RALPH: Yes. And I didn’t arrive at that overnight, you know.

 

STAN: And I think it goes to what both Aristotle and Gertrude Berg said, which is “Don’t make yourself crazy.” 

 

RALPH: You can’t. 

 

VALERIE: It drives your blood pressure right up, and then you’re just asking for it. 

 

STAN: Is that Nietzsche?

 

VALERIE: You’re always right on top of those. 

 

STAN: You do what you can.

 

RALPH: Within reason. This is something I write about in here. 

 

VALERIE: Yes, back to your book, which I hope our listeners will read if they’re in the market for something.

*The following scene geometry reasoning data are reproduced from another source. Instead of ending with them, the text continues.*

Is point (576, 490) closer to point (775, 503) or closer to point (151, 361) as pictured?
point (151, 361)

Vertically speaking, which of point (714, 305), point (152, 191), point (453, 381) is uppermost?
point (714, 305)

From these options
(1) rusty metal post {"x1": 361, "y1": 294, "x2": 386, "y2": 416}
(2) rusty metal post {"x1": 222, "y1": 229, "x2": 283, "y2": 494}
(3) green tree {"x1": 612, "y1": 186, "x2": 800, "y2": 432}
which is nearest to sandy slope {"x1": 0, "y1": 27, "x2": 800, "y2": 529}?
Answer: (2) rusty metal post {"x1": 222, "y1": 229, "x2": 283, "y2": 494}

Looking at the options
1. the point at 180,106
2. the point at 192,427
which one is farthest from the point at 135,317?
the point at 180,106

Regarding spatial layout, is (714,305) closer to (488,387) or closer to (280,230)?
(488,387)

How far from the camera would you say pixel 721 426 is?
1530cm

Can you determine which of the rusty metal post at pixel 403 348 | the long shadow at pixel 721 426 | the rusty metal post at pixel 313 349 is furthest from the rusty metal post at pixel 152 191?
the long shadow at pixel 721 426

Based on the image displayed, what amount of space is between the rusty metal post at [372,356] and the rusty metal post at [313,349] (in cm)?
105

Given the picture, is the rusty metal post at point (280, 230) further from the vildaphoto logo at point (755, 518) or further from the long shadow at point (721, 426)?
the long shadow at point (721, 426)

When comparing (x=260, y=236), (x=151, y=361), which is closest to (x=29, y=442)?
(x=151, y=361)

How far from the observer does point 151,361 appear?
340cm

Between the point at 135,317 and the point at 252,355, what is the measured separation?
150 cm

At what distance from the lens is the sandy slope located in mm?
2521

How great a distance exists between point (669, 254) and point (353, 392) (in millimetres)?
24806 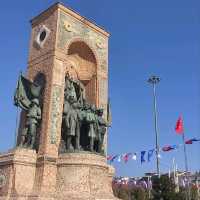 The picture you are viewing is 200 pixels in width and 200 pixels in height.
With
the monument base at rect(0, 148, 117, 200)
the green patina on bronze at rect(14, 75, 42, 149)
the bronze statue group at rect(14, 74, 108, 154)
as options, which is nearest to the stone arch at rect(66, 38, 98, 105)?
the bronze statue group at rect(14, 74, 108, 154)

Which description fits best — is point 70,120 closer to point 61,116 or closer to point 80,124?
point 61,116

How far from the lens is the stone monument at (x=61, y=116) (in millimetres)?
15117

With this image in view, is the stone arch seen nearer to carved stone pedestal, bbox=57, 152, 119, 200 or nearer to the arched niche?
the arched niche

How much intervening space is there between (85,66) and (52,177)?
302 inches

And not if they’re not, you know, fine.

 

RALPH: That was my hope. And you know what those are worth. 

 

STAN: Again, excellent point. 

 

RALPH: Well, Heidegger, or it may have been Judith Krantz, tells us, “It is what it is.”

 

VALERIE: Pretty sure that was Billy Joel, but in any case  --

 

RALPH: You’re right, it’s Joel. I even cite that.

 

STAN: So then, to wrap up, when you think about where it all goes from here -- 

 

RALPH: Goes from here? Have you looked at what’s going on?

 

VALERIE: I can just barely.

 

RALPH: See, this is the thing. 

 

STAN: Perfect capper from our guest, Ralph Crestphal, whose book What Can You Do, Okay? is available in all formats, including the audiobook narrated by “Sighing” Fred Durance. 

 

RALPH: So lucky to get him.

 

VALERIE: It’s these little rewards.

 

STAN: I see that time is running out --

 

RALPH: We had what we had while we had it. 

 

STAN: -- so we’ll see you next week on “Philosophical Talk,” the program that says things might still work out. It could happen. You don’t know.

 

VALERIE: We should live so long, Stan.